• _WHAT THIS TASK INVOLVES_
Which lines run from the one containing "Man in graphic" to the end of the entries? Quote them exactly, and nothing else.

[Short descriptive text snippets]
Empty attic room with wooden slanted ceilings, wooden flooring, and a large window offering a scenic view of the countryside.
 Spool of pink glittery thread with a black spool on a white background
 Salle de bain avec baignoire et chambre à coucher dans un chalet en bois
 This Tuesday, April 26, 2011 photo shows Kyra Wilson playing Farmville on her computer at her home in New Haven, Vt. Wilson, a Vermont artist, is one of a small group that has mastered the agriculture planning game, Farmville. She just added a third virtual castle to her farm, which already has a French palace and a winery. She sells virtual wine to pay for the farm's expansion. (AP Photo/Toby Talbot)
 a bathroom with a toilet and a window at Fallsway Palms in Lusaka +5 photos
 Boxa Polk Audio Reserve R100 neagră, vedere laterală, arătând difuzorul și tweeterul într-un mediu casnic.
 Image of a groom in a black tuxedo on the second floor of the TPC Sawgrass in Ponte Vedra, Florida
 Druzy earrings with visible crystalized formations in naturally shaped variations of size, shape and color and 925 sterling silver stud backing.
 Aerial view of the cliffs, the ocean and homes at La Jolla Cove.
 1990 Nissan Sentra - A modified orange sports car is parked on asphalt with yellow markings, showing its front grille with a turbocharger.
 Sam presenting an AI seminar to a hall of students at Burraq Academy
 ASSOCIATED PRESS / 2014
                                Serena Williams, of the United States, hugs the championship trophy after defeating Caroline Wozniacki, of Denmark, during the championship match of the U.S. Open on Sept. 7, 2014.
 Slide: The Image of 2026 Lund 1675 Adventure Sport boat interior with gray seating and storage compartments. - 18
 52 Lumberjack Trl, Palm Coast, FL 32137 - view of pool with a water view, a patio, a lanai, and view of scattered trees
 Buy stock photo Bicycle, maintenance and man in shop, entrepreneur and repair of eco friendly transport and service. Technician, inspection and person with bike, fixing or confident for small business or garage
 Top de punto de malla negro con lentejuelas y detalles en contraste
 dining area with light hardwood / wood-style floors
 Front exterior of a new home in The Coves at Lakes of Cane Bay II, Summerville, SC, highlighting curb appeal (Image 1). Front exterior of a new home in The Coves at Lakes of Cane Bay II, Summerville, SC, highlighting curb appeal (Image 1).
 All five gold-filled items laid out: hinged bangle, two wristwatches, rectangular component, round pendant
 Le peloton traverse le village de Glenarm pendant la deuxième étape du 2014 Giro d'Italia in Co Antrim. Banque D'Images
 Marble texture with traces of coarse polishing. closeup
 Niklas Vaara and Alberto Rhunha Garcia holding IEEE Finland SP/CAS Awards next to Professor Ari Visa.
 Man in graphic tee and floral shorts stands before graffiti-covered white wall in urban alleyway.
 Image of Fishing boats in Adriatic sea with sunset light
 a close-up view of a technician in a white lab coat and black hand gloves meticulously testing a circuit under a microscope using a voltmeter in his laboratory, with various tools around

• _TASK SOLUTION_
 Man in graphic tee and floral shorts stands before graffiti-covered white wall in urban alleyway.
 Image of Fishing boats in Adriatic sea with sunset light
 a close-up view of a technician in a white lab coat and black hand gloves meticulously testing a circuit under a microscope using a voltmeter in his laboratory, with various tools around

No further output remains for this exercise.